If the wildcard tried consuming a character first,
a pattern like *x against "x" would fail:
the wildcard would consume x,
leaving nothing for the literal x to match.
Trying zero first means a wildcard only uses up characters
when the rest of the pattern cannot match without them.
Why does parse_chars prepend to acc and call list.reverse at the end rather than appending each element?
Gleam lists are singly-linked, so prepending ([elem, ..acc]) is O(1):
it just creates a new node pointing at the existing list.
Appending to the end, by contrast, requires walking the whole list to find the last node,
making each append O(n) and the full parse O(n²).
Building the list in reverse with prepend and reversing once at the end keeps the total work O(n).
Exercises
Parse integration (15 minutes)
Wire parse_pattern to filter_files
so the function accepts a String pattern rather than a List(Elem).
Write gleeunit tests for filter_files that cover:
- an empty file list
- a pattern that matches no files
- a pattern that matches all files
- a mixed result
Character sets (20 minutes)
Add a CharSet(List(String)) variant to Elem.
A CharSet matches any single character that appears in its list,
so CharSet(["a", "e", "i", "o", "u"]) matches any vowel.

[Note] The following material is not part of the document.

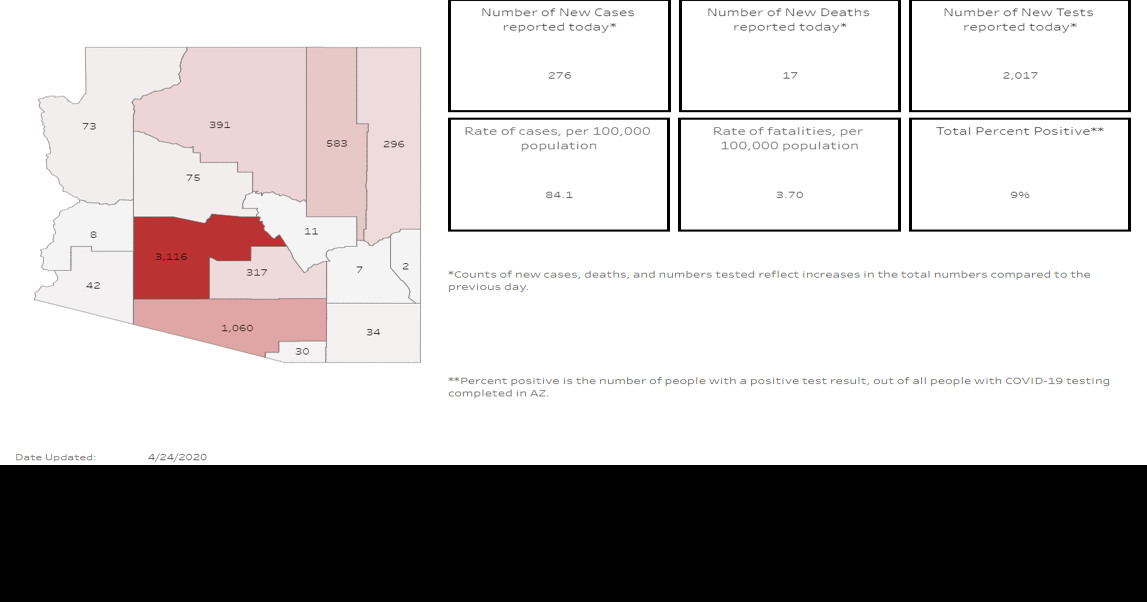 Your Southern AZ COVID19 AM Roundup Confirmed Cases in AZ Hit 6,000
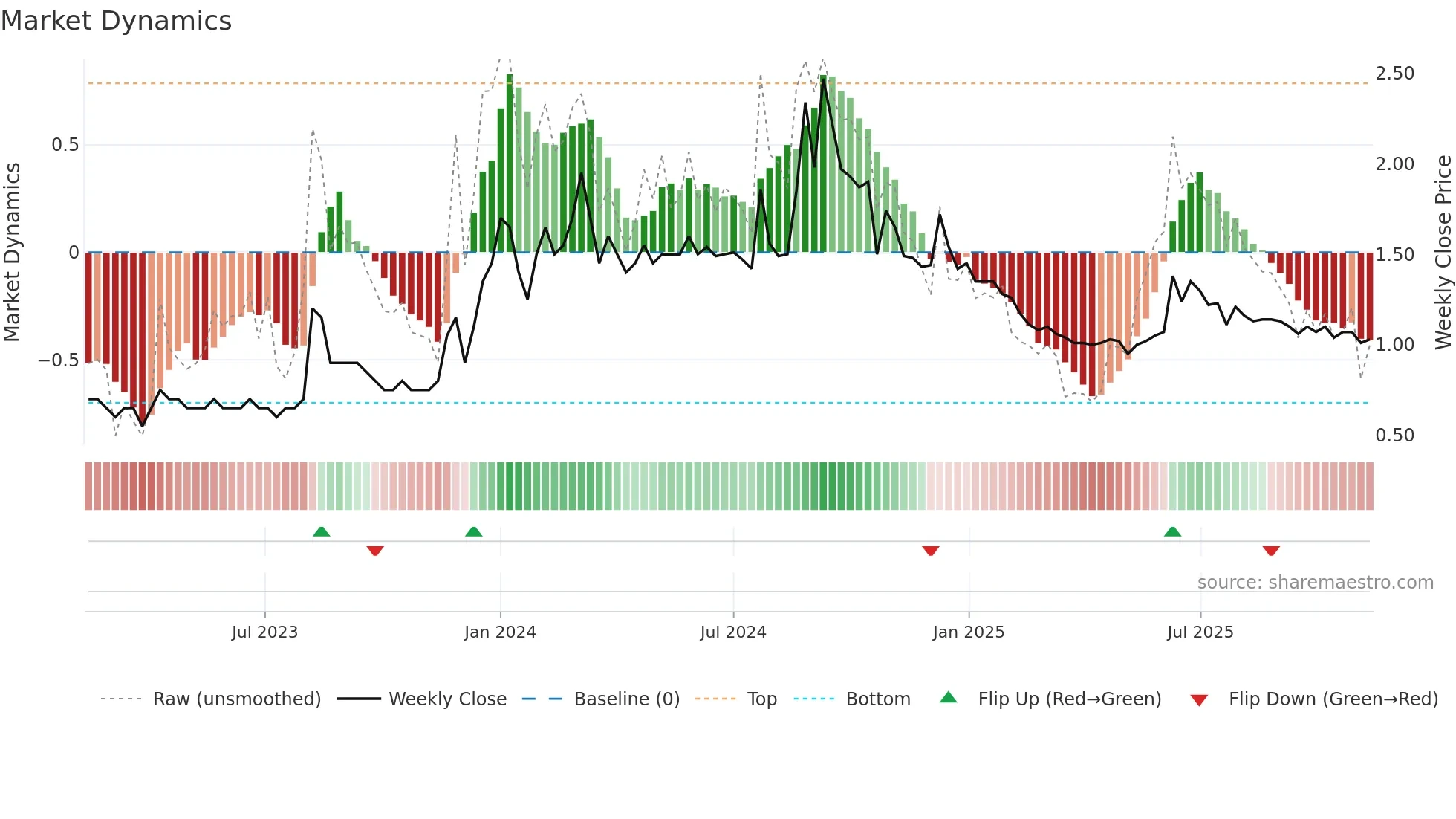 ANTGRAPHIC weekly Market Dynamics chart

Update match_pattern_chars to handle the new variant.
Write at least four tests.
Negated character sets (15 minutes)
Add NegCharSet(List(String)) that matches any character not in the list.
Update the matcher and write tests confirming that
it does not match characters in the list
but does match characters outside it.
Anchor to start and end (10 minutes)
Shell globs implicitly match anywhere unless anchored.
Add Start and End variants that require the match to begin at the first character
and end at the last character respectively.
Update match_pattern (not just match_pattern_chars) to interpret them.